NYCC – Thursday, Oct 13th, 2011

Posted in NY Comic Con on October 14th, 2011

Our intrepid reports are at NY Comic Con. Here’s their overview for today:
Very busy first day–
We got to the Jacob Javits Convention Center around 4pm, found the press room and got registered.

Then we went to the con floor and toured the displays– the best included: Legendary Pictures, which had several movie props on display; Hasbro, which had plenty of toys in the cases; and many, many more. We also spoke with several publishers and made contacts for future reviews.

Today was really the day for press, professionals, VIPs and fans to enjoy the show prior to the throng arriving tomorrow. It was busy, lots of people, but it won’t hold a candle to Friday and Saturday.

More news coming tomorrow!

New York Comic Con starts Thursday, Oct 13th and SFRevu will be there

Posted in NY Comic Con on October 11th, 2011

NY Comic Con Logo

This year, SFRevu will have people at New York Comic Con and their coverage of the convention and its happenings will be posted here. What is written about will depend on what we can get in to see and who we get to talk to. So check back now and then to see what’s been added to our coverage.

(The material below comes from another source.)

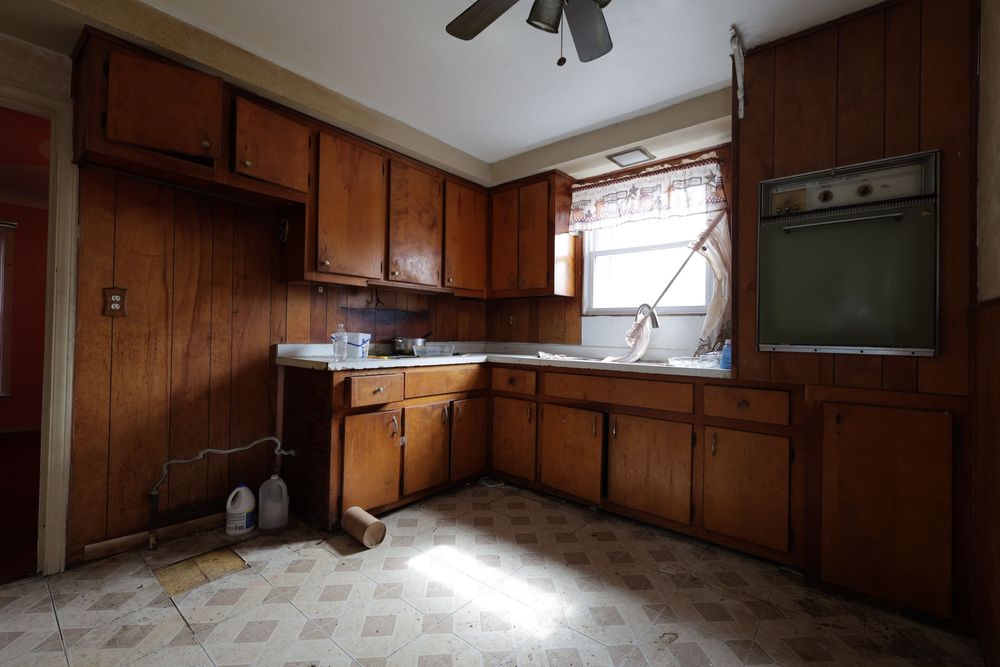 Dated kitchen with dark wood cabinets, vintage linoleum flooring, wall oven, and a window above the sink.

Readercon — Saturday July 16, 2011

Posted in Convention, Readercon, Reading, Writing on July 16th, 2011

The start of a whole new day. Managed to get down to the Book Shop to open on time. We moved one of our bookshelves in order to help get traffic to our table when authors are doing signings. We’re right next to the autograph tables and when the lines get long they block off our table because we’re closer and we become inaccessible. Moving one bookcase seemed to ease the press so even if the lines were longer we still got customers. Of course this move was aided by the author close to us moving his chair closer to the other author’s chair so they could talk and none of the rest of the day’s authors moved it back to center on that table.

But still business so far is far less than it was last year but the conversation about books, reading, the rise of ebooks, and other topics has been entertaining, enlightening, and fun. If tomorrow doesn’t improve in sales we’re not even going to break even this year with the travel and hotel costs.

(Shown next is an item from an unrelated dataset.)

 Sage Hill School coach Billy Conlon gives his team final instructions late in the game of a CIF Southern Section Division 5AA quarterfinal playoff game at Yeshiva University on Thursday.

11:00 AM: Book Design and Typography in the Digital Era.
Panelists: Neil Clarke, Ken Liu, Erin Kissane, David G. Shaw (leader), and Alicia Verlager.
Description: Design and typography can heighten the experience of reading a written work; in the case of poetry, typesetting can be crucial to comprehension and interpretation. eReaders can change font sizes with the press of a button, making books far more accessible to people who have visual limitations or just their own ideas about how a book should look. What happens when these worthy goals are at odds? Will the future bring us more flexible book design, much as website design with CSS has become more flexible as browser customization becomes more common? Or will we see the book equivalent of Flash websites where the designer’s vision is strictly enforced.

Ken Liu gave a quick history of the book from scroll to codex. First there was the scroll but you didn’t have random access to it — you always had to roll and unroll the entire thing to find what you wanted. With a codex or book you could go right to the page. More of the development of the book driven by the desire to print the bible and get access quickly to the parts you wanted.

China also had the scroll and they went to whirlwind books. These books were still more scroll-like but the bottom layer was a long scroll page and the top was a slightly shorter one and so forth. When unrolled completely the shorter layers curled up looking like whirls. This was developed for a dictionary and it was a way to solve the random access problem.

Now we have the ebook which handles the random access aspect quite well to search for an item but the return to the section you were reading is not always easily or correctly handled.

They talked about design issues and the conversion problems of print to ebook. For newer books you still have the electronic file and that makes conversions a bit easier but for older books the scan, OCR, run through converter formula that many places are using create awful books, making those who run into these badly converted/formatted books think all the books are like that. There was general agreement that more quality control for editing the OCR’d book and cleaning up HTML needed to be added. It’s mostly the small publishers doing this and the larger publishers are watching and learning from them.

Verlanger, who is blind, and has a technology blog where she writes about accessibility issues with technology among other tech-topics, spoke about the problems of back code which make the books inaccessible simply because they can’t be read by the programs used to translate text into speech. Scanners on the lowest quality setting sometimes create files where the images are not even identified as images by the OCR programs and weird groupings of letters are are added into the text/speech confusing the listener. Also DRM came up, in that a lot of the programs DRM for PDF and other formats identify the text-to-speech programs as illegal pirating software and do not allow the access at all.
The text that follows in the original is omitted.